Maintenant qui
était Juste Olivier ? ("Construire"
No 10 du 8 mars 1978)
Juste Olivier
tenait de son père un sentiment austère du devoir et de
sa mère une sensibilité facilement attristée et le
tour particulier de son imagination. Il suivit les cours du collège
de Nyon et son amour des livres le poussa très tôt vers une
carrière intellectuelle. De fait, il entreprit des études
théologiques à Lausanne pour lesquelles ses parents s'imposèrent
de très grands sacrifices. Toutefois, encore adolescent, il parvint
à suffire lui-même à ses dépenses, en donnant
des leçons.
Il devint le chantre attitré de la Société de Zofingue
et se mit à collectionner les prix poétiques dans les concours
académiques. C'est en ce temps-là que s'éveilla chez
lui le sentiment d'une vocation de poète.

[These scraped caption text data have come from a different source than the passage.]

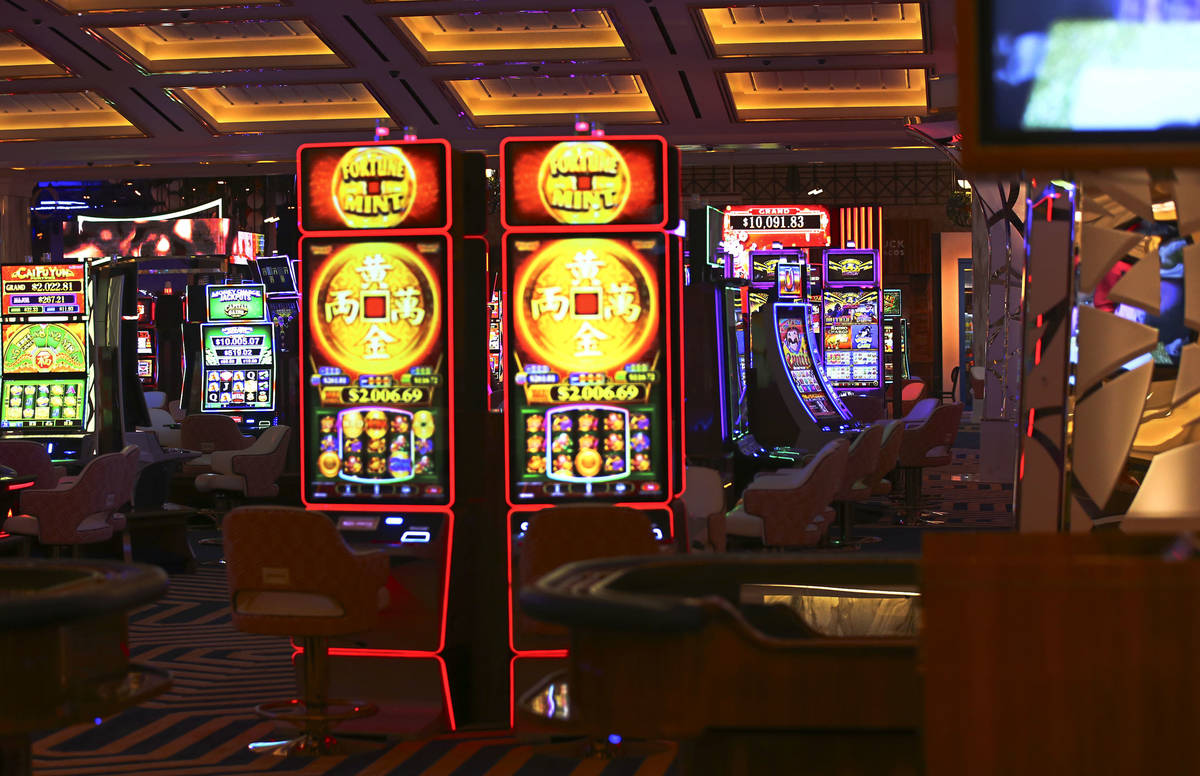 Una vista del piso del casino se ve durante un tour de Resorts World antes de su apertura en La ...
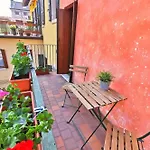 Apartment Old Town With Terrace - Live Peschiera del Garda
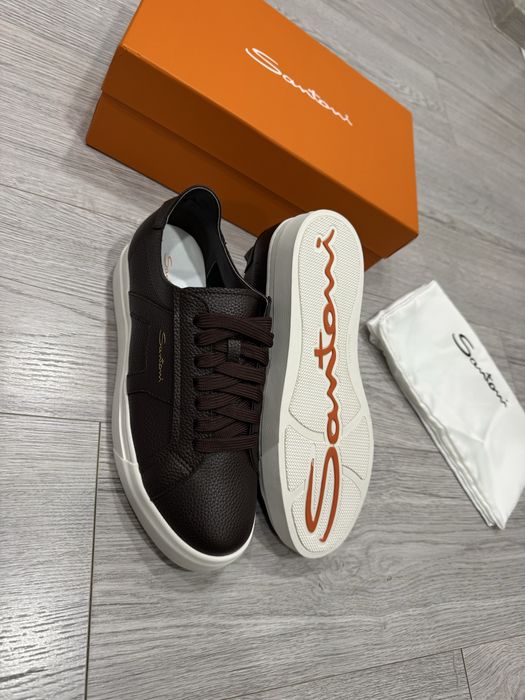 Обувки Santoni.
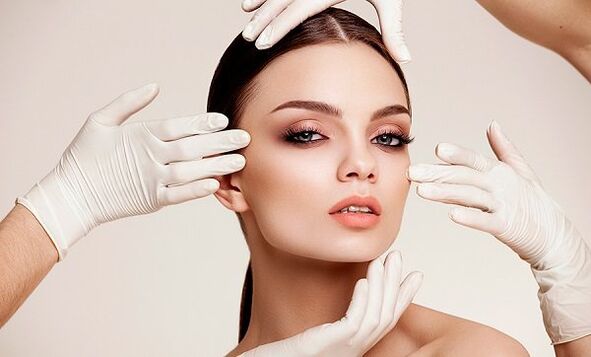 Mains en gants sur le visage de la fille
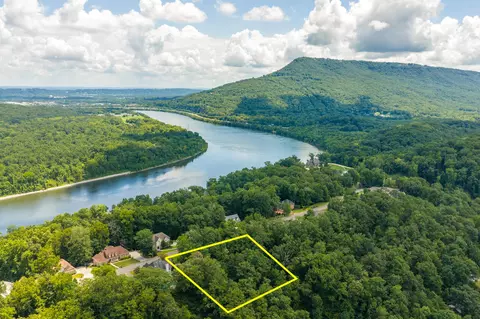 3018 Waterfront Ct, Chattanooga, TN 37419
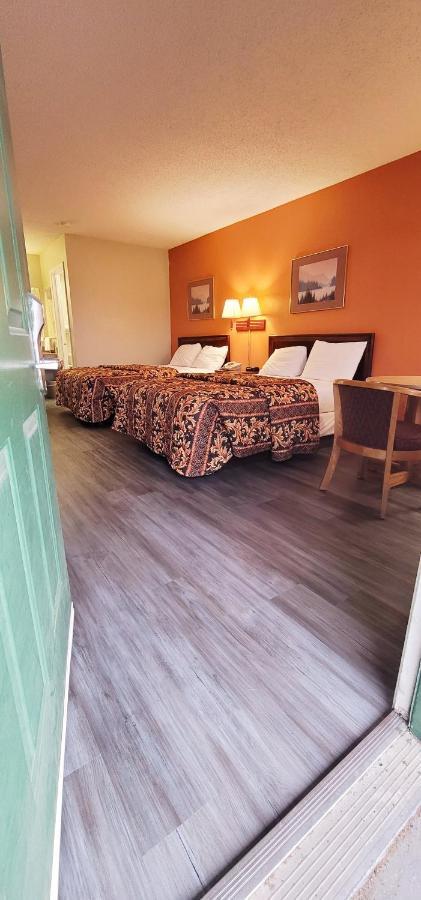 Regency Travel Inn Hayti Luaran gambar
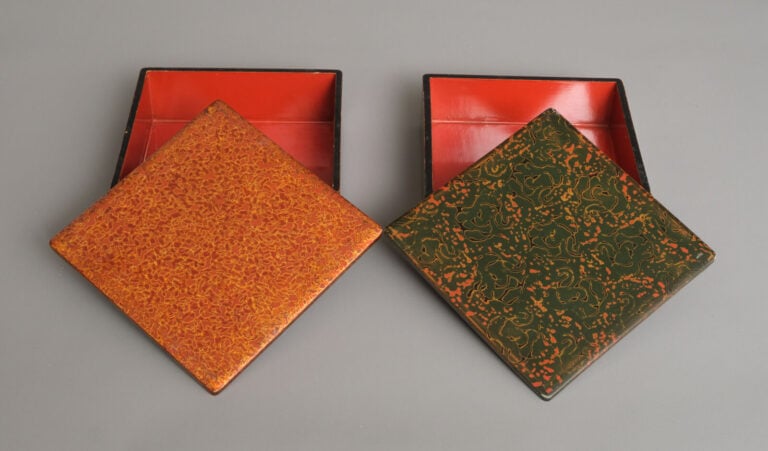 Sage'jûbako 提げ重箱 (coffret de pique-nique portable) à quatre étages laqué Tsugar…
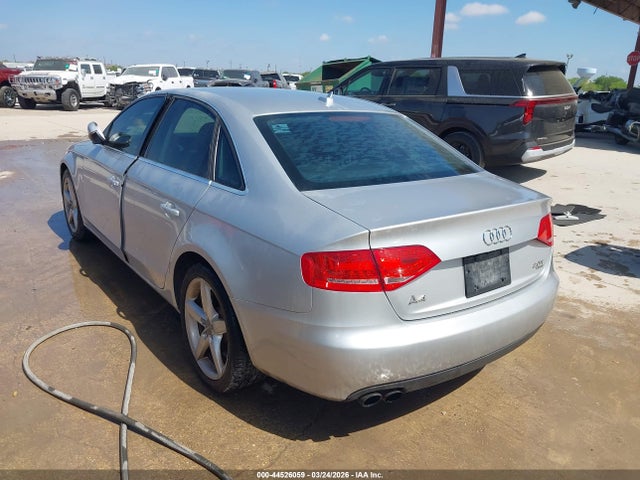 2011 AUDI A4 WAUFFAFL2BN023718 Photo 2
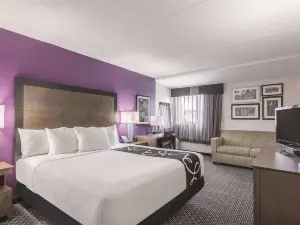 La Quinta Inn & Suites by Wyndham Salem NH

Après avoir poursuivi avec sérieux ses études théologiques,
il renonça finalement à la carrière de l'Eglise.
A vingt-deux ans, il fut élu, après concours, professeur
de littérature et d'histoire au gymnase de Neuchâtel, mais
à une condition: faire d'abord un séjour de six mois à
Paris, ses honoraires lui étant payés durant ce stage.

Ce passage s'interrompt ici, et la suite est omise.